Our composite fair-value range for JNJ is $245–$419, with a midpoint of $332. The range is triangulated across multiple valuation models (discounted earnings, forward earnings scenarios, peer multiples, and where applicable owner earnings or reverse DCF) and weighted by reliability for Johnson & Johnson's archetype.
Our current rating for JNJ is Strong Buy with a confidence score of 88/100. JNJ is rated Strong Buy at $222.51 versus the reconciled fair value midpoint of $331.57, implying +49.01% upside/downside. Confidence is separately disclosed at 88/100. This is independent research for educational purposes, not personalized investment advice.

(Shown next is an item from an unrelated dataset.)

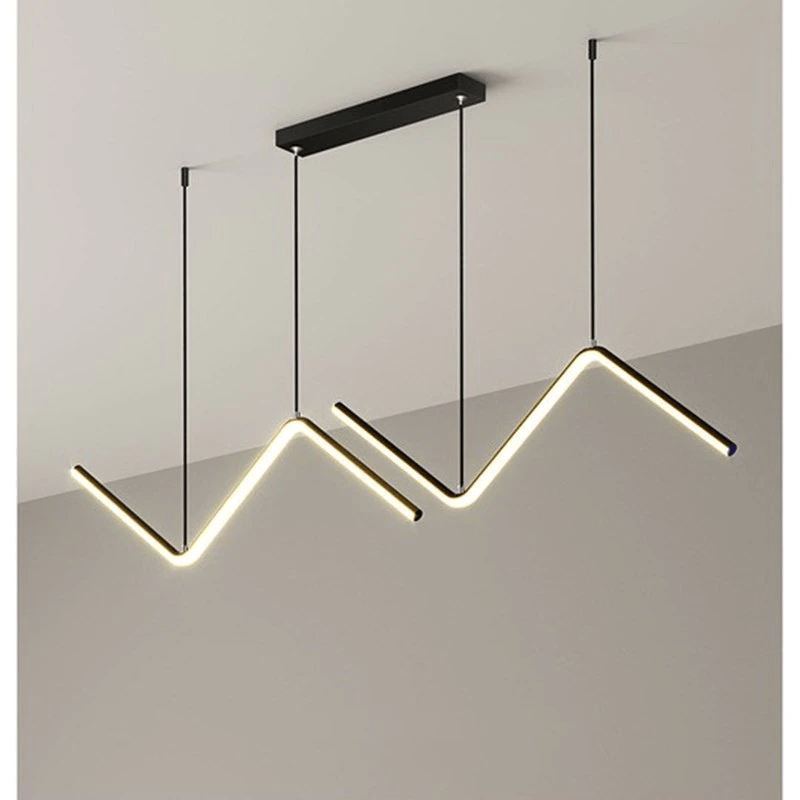 Lirana Modern Wave Pendant Light With Contemporary Designer Flair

The top risks our latest report flags for Johnson & Johnson are: Talc Litigation Catastrophe; Stelara Biosimilar Collapse; Regulatory Price Controls. The single biggest risk is Talc Litigation Catastrophe: Settlements and ongoing liabilities breach the ring-fenced strategy, draining >$15B in free cash flow and triggering credit downgrades.
Our current rating for JNJ is Strong Buy, issued with a confidence score of 88/100 and a moat score of 9/10. The rating reflects the composite fair-value range ($245–$419) versus the current price of $223.
Johnson & Johnson is classified as a mature compounder stock. Archetype determines how every downstream parameter — discount rate, terminal growth, deceleration curve, terminal multiple, scenario probability weights, scorecard weights, and which valuation models are prioritized — is calibrated for JNJ.